Est-ce bien raisonnable ?
L’intervention de la Russie en Crimée est si surprenante qu’elle a pris de court nos penseurs, sauf Bernard-Henry Lévy. L’occupation par la force d’un État voisin ne se pratique plus de nos jours entre pays à la même économie libérale.
Comme tout se passe depuis les états-majors des banques, Obama a cru malin de menacer la Russie de sanctions économiques. Du coup, les singes copieurs d’Europe ont fait pareil. On a même entendu des économistes préconiser l’arrêt d’achat de gaz russe, privant ainsi ce pays des seules rentrées considérables qui assurent la fortune de ses dirigeants, mais aussi les choux et la vodka du peuple. Ils avaient tout simplement oublié les conséquences pour les occidentaux : l’arrêt d’une bonne partie de leurs activités grandes consommatrices d’énergie. Au moment des vaches maigres, de l’austérité et des suites d’une crise profonde, on ne peut pas dire que c’était une bonne idée.
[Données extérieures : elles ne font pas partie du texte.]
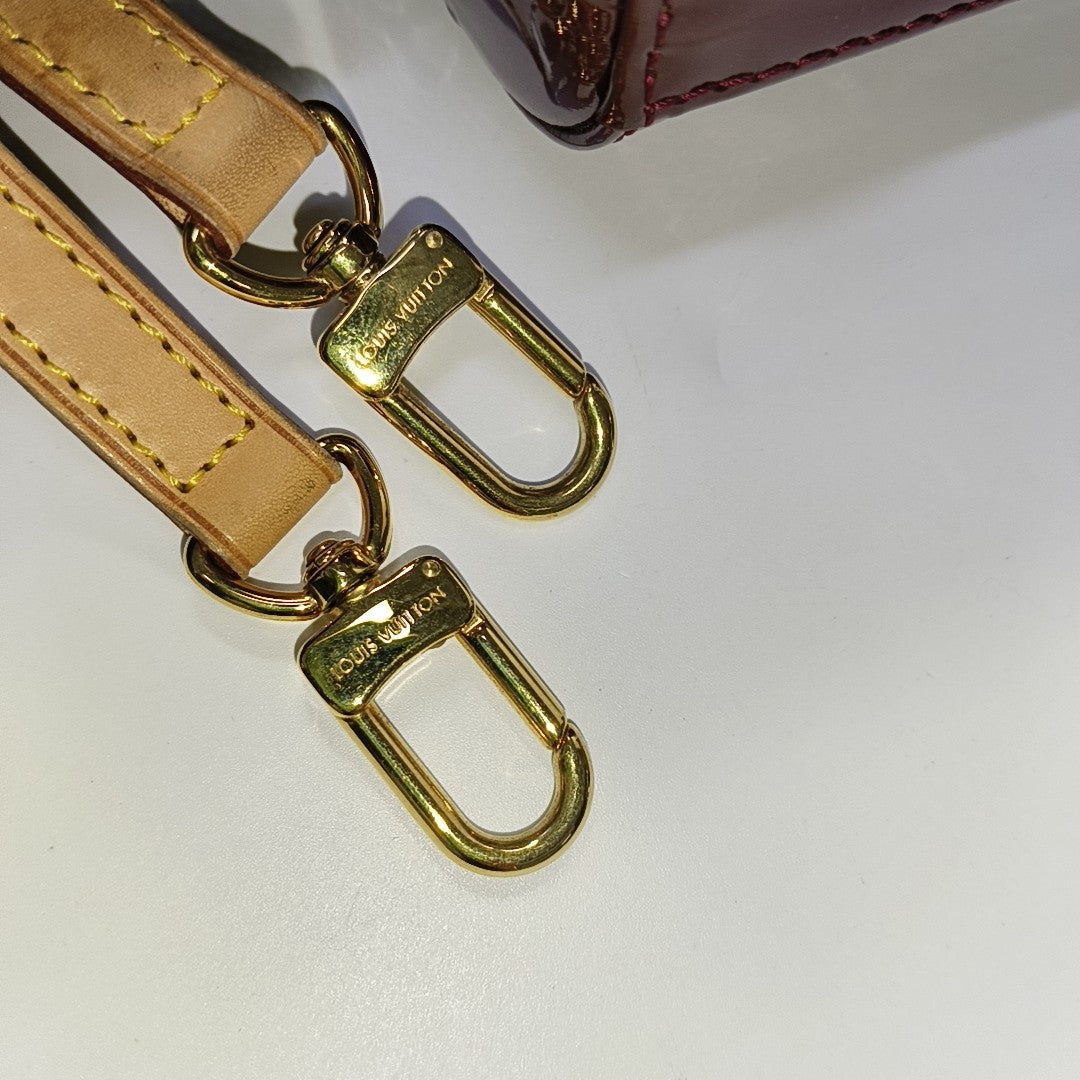 BREA Monogram Patent Leather Red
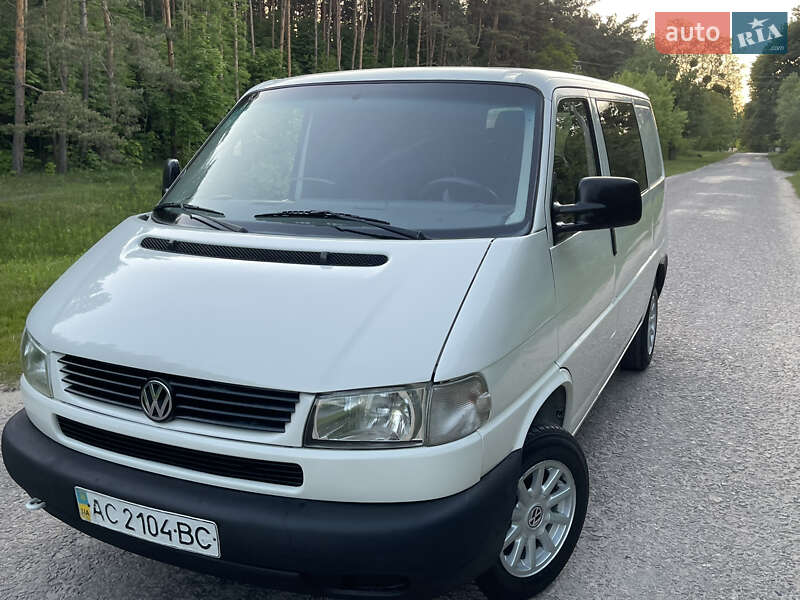 Минивэн Volkswagen Transporter 1999 в Радивилове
A la suite du conflit, il semble que la Crimée, sous influence russe, va déclarer son indépendance. Et alors ? Le « cadeau » de Nikita Khrouchtchev à l’Ukraine serait repris par Poutine soixante ans plus tard, qu’est-ce que cela veut dire, sinon qu’on demande rarement l’avis des gens dans les découpages « stratégiques ». Les Africains en savent quelque chose. Nous aussi en Belgique avec le tracé de cette mirobolante frontière linguistique, unique en son genre, réprimant l’inévitable mouvement des langues parlées, nous sommes servis !
La Russie ne joue pas le jeu, entend-on, voilà qui secoue nos élites.
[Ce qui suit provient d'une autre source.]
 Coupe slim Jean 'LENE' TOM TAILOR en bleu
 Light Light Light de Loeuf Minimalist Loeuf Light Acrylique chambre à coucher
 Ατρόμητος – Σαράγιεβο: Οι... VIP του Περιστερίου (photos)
Hier matin Daniel Cohn-Bendit à la radio n’avait pas de mots assez durs pour stigmatiser l’attitude d’un Mélenchon.
Le leader du Front de Gauche n’est pas convaincu de l’altruisme « des patriotes » de Kiev, du moins de ceux qui les représentent. Que Mélenchon ne soit pas en phase avec la sensibilité de l’Europe pour l’Ukraine, c’est tout à fait compréhensible. Dany, jadis le Rouge, a tranché, Mélenchon est un trotskiste version 1930.
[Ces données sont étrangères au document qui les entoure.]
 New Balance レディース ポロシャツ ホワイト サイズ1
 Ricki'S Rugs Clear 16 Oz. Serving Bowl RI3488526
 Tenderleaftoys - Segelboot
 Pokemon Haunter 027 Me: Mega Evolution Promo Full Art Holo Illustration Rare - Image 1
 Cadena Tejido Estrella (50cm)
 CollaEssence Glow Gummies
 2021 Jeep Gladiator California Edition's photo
Je n’ai pas la prétention de dire lequel des deux a tort. Je ne tire ce que je sais, que de ce que je vois. Or, les temps sont durs dans nos démocraties pour un bon tiers de la population et très moyens pour un autre tiers. Tout le monde sait que depuis qu’il appartient au tiers restant, Daniel Cohn-Bendit ne se reconnaît plus dans le jeune révolté de mai 68.
Quand les Etats-Unis foncent en Irak ou soutiennent un gouvernement corrompu en Afghanistan, c’est pour tôt ou tard se retirer, après avoir « pacifié » le pays et donné à ses dirigeants des notions du bien et du mal. On voit le résultat. On pourrait aussi avoir le même type de raisonnement du côté russe, mais le fait est : la Crimée est à 60 % russophone.
Heureusement, les pays aujourd’hui en viennent rarement à des conflits armés pour des territoires. La guerre des Malouines est, en ce sens, une dernière guerre coloniale.
Kiev serait plus avisé de s’accommoder de ses russophones et de les laisser choisir librement le pays dans lequel ils voudraient être.
Nous devrions plutôt essayer de régler en Belgique une autre liberté, celle de pouvoir s’exprimer dans la langue que l’on veut partout sur ce petit territoire.
Que nous ayons échoué, ne nous autorise pas à vouloir donner des conseils aux autres.